## BRIEF
Without including any images, repeat the data exactly.

## PROVIDED MATERIAL
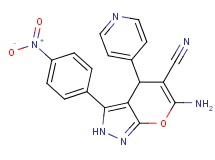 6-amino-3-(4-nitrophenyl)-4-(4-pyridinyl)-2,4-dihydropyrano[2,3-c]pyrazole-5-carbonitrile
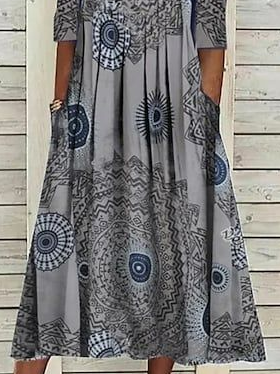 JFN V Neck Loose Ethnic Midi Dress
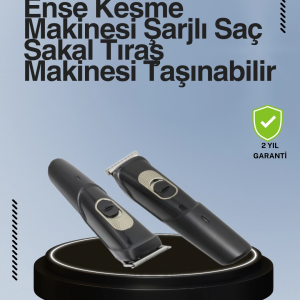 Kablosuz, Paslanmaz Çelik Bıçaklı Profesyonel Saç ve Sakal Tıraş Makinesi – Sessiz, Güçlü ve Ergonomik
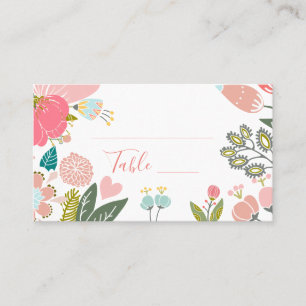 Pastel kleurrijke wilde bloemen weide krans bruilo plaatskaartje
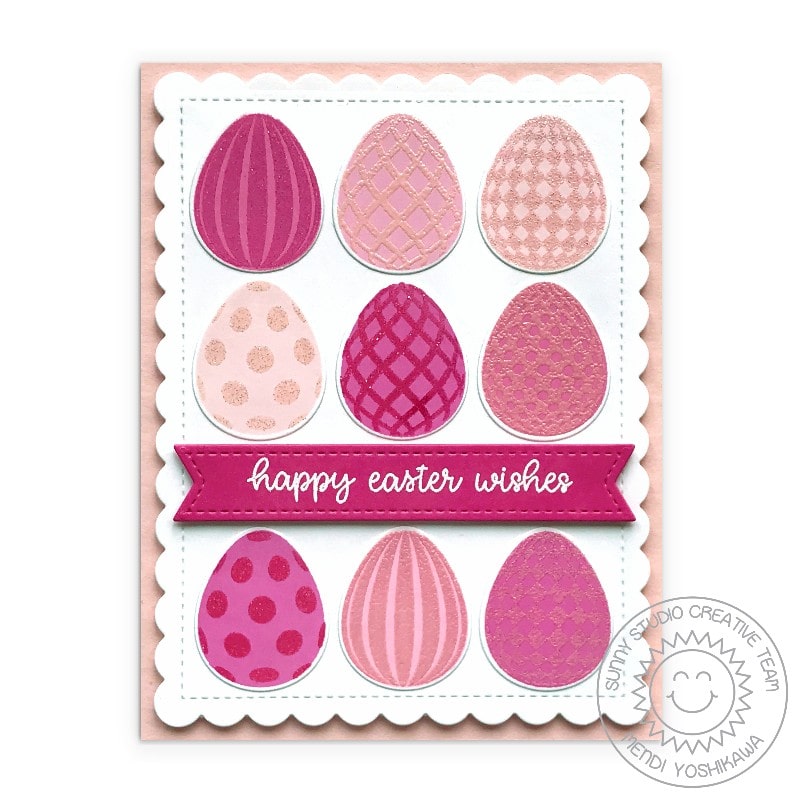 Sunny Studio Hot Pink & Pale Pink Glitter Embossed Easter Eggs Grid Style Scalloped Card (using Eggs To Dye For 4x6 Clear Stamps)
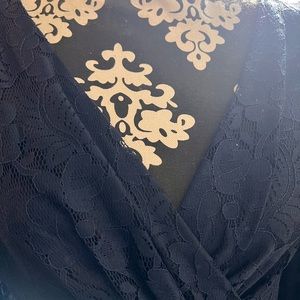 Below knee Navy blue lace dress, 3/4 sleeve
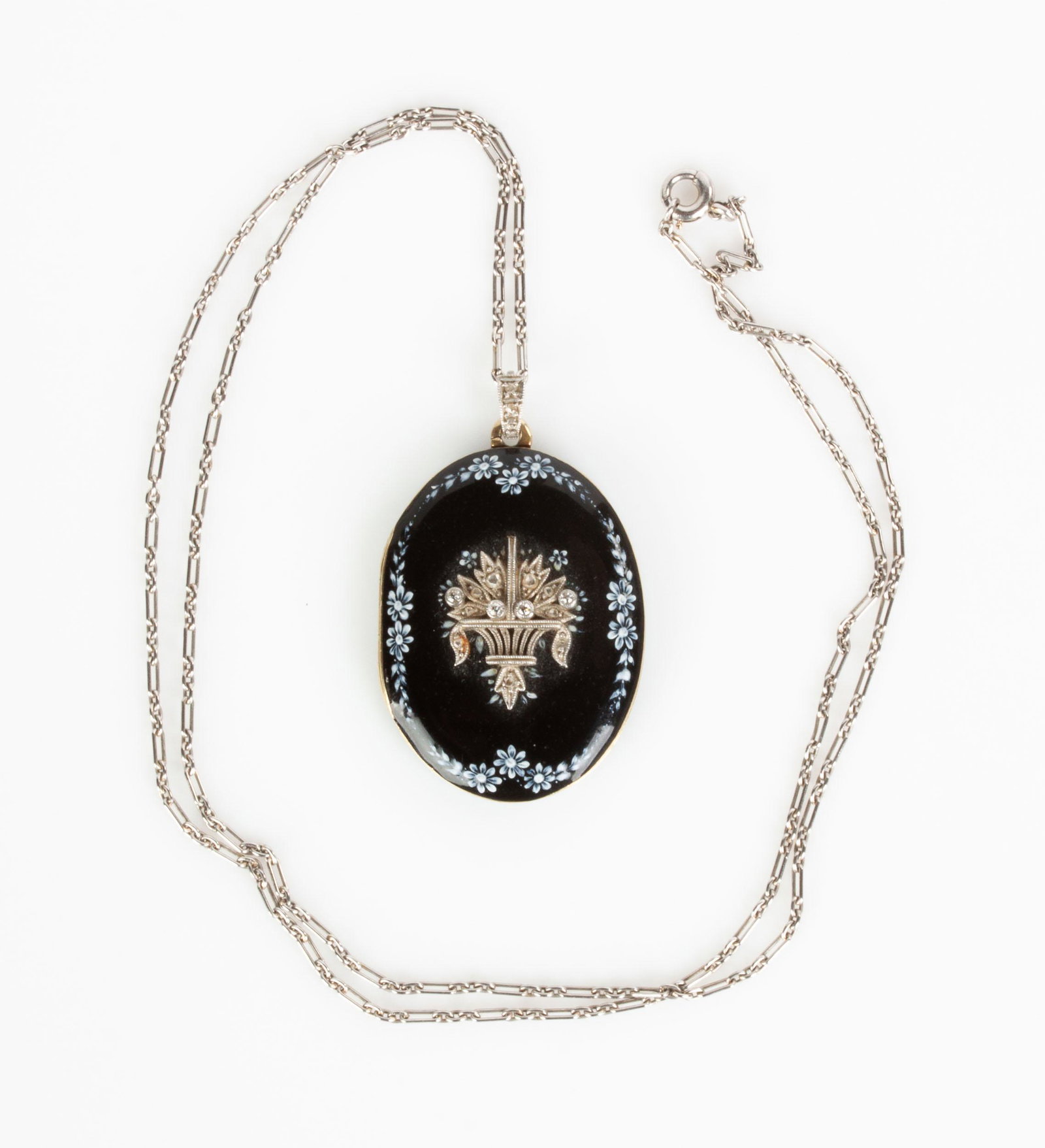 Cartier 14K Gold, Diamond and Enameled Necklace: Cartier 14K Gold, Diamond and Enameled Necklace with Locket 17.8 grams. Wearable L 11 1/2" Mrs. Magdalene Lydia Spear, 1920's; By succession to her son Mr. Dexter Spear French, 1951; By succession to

## TASK SOLUTION
 6-amino-3-(4-nitrophenyl)-4-(4-pyridinyl)-2,4-dihydropyrano[2,3-c]pyrazole-5-carbonitrile
 JFN V Neck Loose Ethnic Midi Dress
 Kablosuz, Paslanmaz Çelik Bıçaklı Profesyonel Saç ve Sakal Tıraş Makinesi – Sessiz, Güçlü ve Ergonomik
 Pastel kleurrijke wilde bloemen weide krans bruilo plaatskaartje
 Sunny Studio Hot Pink & Pale Pink Glitter Embossed Easter Eggs Grid Style Scalloped Card (using Eggs To Dye For 4x6 Clear Stamps)
 Below knee Navy blue lace dress, 3/4 sleeve
 Cartier 14K Gold, Diamond and Enameled Necklace: Cartier 14K Gold, Diamond and Enameled Necklace with Locket 17.8 grams. Wearable L 11 1/2" Mrs. Magdalene Lydia Spear, 1920's; By succession to her son Mr. Dexter Spear French, 1951; By succession to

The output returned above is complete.